At least eight countries had expressed some interest in wanting to host the sport’s showcase event but just three candidates remain in contention: Doha (Qatar), Fukuoka (Japan), and Nanjing (China).
FINA will vote to decide which two will host the 2021 and 2023 championships at a meeting in Dubai on November 8.
“We have three for the moment, definitely three,” FINA executive director Cornel Marculescu told Reuters on Friday.
“Nanjing, Fukuoka and Doha are the bidders. This is the finished deadline.”

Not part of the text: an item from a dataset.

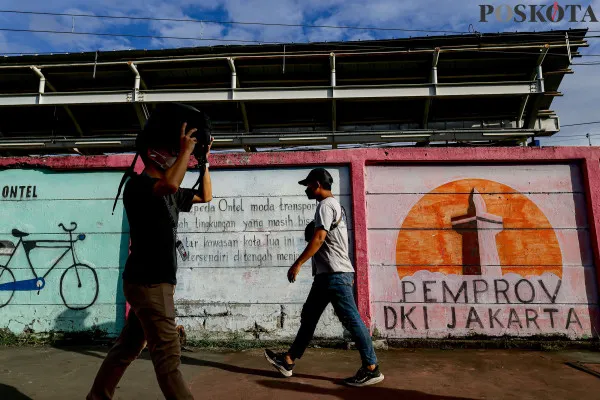 Aktivitas warga dan foto udara gedung bertingkat dengan latar belakang gunung Gede dan Pangrango di kawasan Matraman dan Jatinegara, Jakarta Timur, Kamis, 26 Desember 2024. (Poskota/ Ahmad Tri Hawaari)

Australia and Germany were the first two countries to quit the bidding race and were followed by Argentina. Two others, Turkey and United Arab Emirates, had also been interested but have since withdrawn.
FINA was forced to find a new host city for 2021 after the Mexican city of Guadalajara withdrew as the 2017 host, citing financial problems caused by falling oil prices.
Budapest, which had originally been awarded 2021, agreed to step in at short notice and host the biennial event in 2017 but a new site for 2021 was needed, with Gwangju, South Korea already confirmed for 2019.
China and Japan both put forward several candidate cities but have now finalised their preferred choices, Marculescu said.
Nanjing, the capital of Jiangsu province, was the host city for the 2014 Youth Olympics while Fukuoka was the site for the 2001 swimming world championships.
The tiny but ambitious Qatar has been steadily scooping up more and more of the world’s major sporting events as other potential bidders drop out, often spooked by the enormous costs.
Oil and gas-rich Qatar has already been awarded next year’s road cycling world championships, the 2018 gymnastics world championships, the 2019 athletics world championships and the 2022 Soccer World Cup.